A general multiple linear regression model at the population level can be written as

\[y_{i}=\beta_{0}+\beta_{1}x_{1i}+\beta_{2}x_{2i}+\ldots+\beta_{k}x_{ki}+\varepsilon_{i} \]

$y_{i}$: the observed score of individual $i$ on the DV.
$x_{1},x_{2},\ldots,x_{k}$ : a set of predictors.
$x_{1i}$: the observed score of individual $i$ on IV 1; $x_{ki}$: observed score of individual $i$ on IV $k$.
$\beta_{0}$: the intercept at the population level, representing the predicted $y$ score when all the independent variables have their values at 0.
$\beta_{1},\ldots,\beta_{k}$: regression coefficients at the population level; $\beta_{1}$: representing the amount predicted $y$ changes when $x_{1}$ changes in 1 unit while holding the other IVs constant; $\beta_{k}$: representing the amount predicted $y$ changes when $x_{k}$ changes in 1 unit while holding the other IVs constant.
$\varepsilon$: unobserved errors with mean 0 and variance $\sigma^{2}$.

Parameter estimation

The least squares method used for the simple linear regression analysis can also be used to estimate the parameters in a multiple regression model. The basic idea is to minimize the sum of squared residuals or errors.
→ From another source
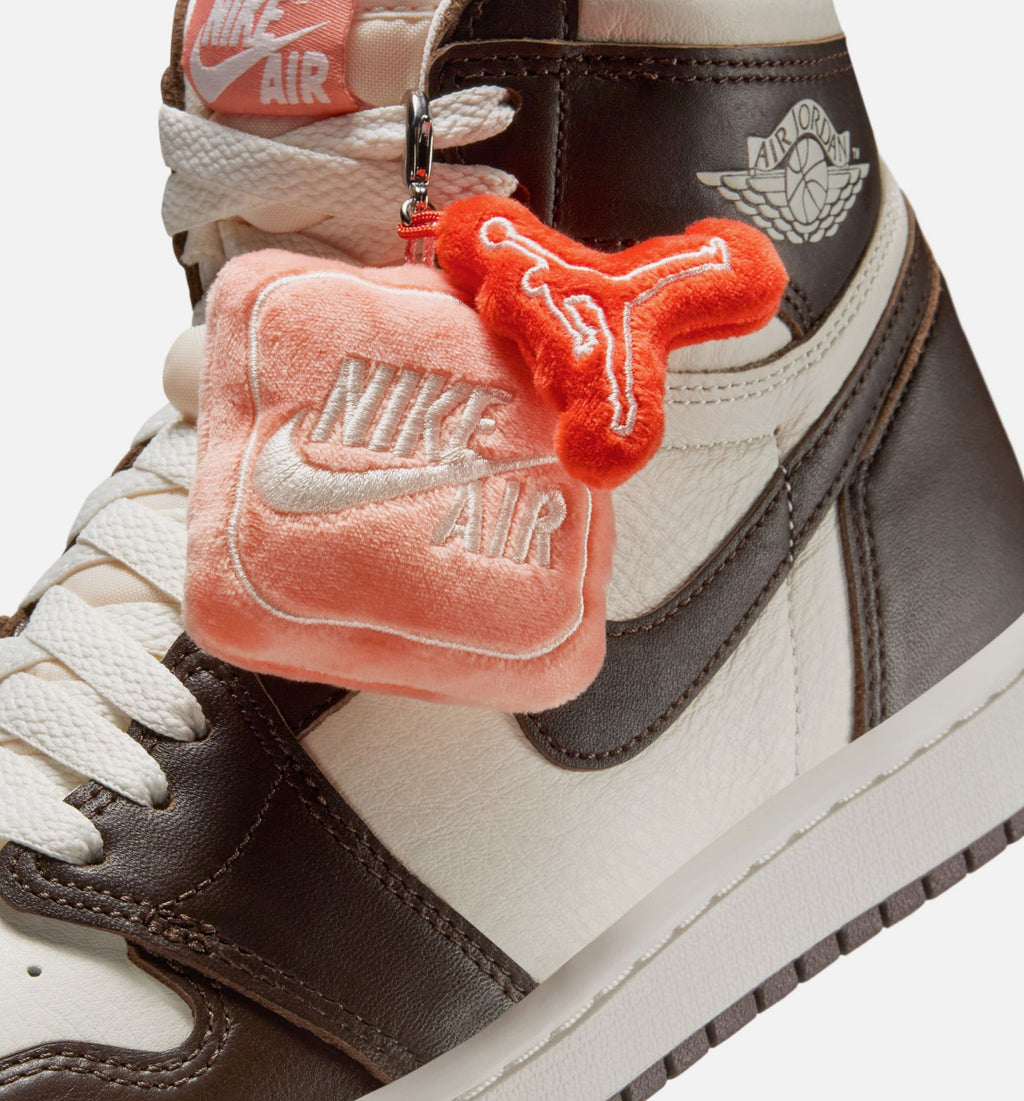 Air Jordan 1 Retro High OG 女款休闲鞋 - 巴洛克棕色/淡茹芒根/帆白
Let $b_{0},b_{1},\ldots,b_{k}$ represent the estimated regression coefficients.The individual $i$'s residual $e_{i}$ is the difference between the observed $y_{i}$ and the predicted $y_{i}$

\[ e_{i}=y_{i}-\hat{y}_{i}=y_{i}-b_{0}-b_{1}x_{1i}-\ldots-b_{k}x_{ki}.\]

The sum of squared residuals is

\[ SSE=\sum_{i=1}^{n}e_{i}^{2}=\sum_{i=1}^{n}(y_{i}-\hat{y}_{i})^{2}. \]

By minimizing $SSE$, the regression coefficient estimates can be obtained as

\[ \boldsymbol{b}=(\boldsymbol{X}'\boldsymbol{X})^{-1}\boldsymbol{X}'\boldsymbol{y}=(\sum\boldsymbol{x}_{i}\boldsymbol{x}_{i}')^{-1}(\sum\boldsymbol{x}_{i}\boldsymbol{y}_{i}). \]

$R^2$

How well the multiple regression model fits the data can be assessed using the $R^{2}$. Its calculation is the same as for the simple regression

\[\begin{align*} R^{2} & = & 1-\frac{\sum e_{i}^{2}}{\sum_{i=1}^{n}(y_{i}-\bar{y})^{2}}\\& = & \frac{\text{Variation explained by IVs}}{\text{Total variation}} \end{align*}. \]

In multiple regression, $R^{2}$ is the total proportion of variation in $y$ explained by the multiple predictors.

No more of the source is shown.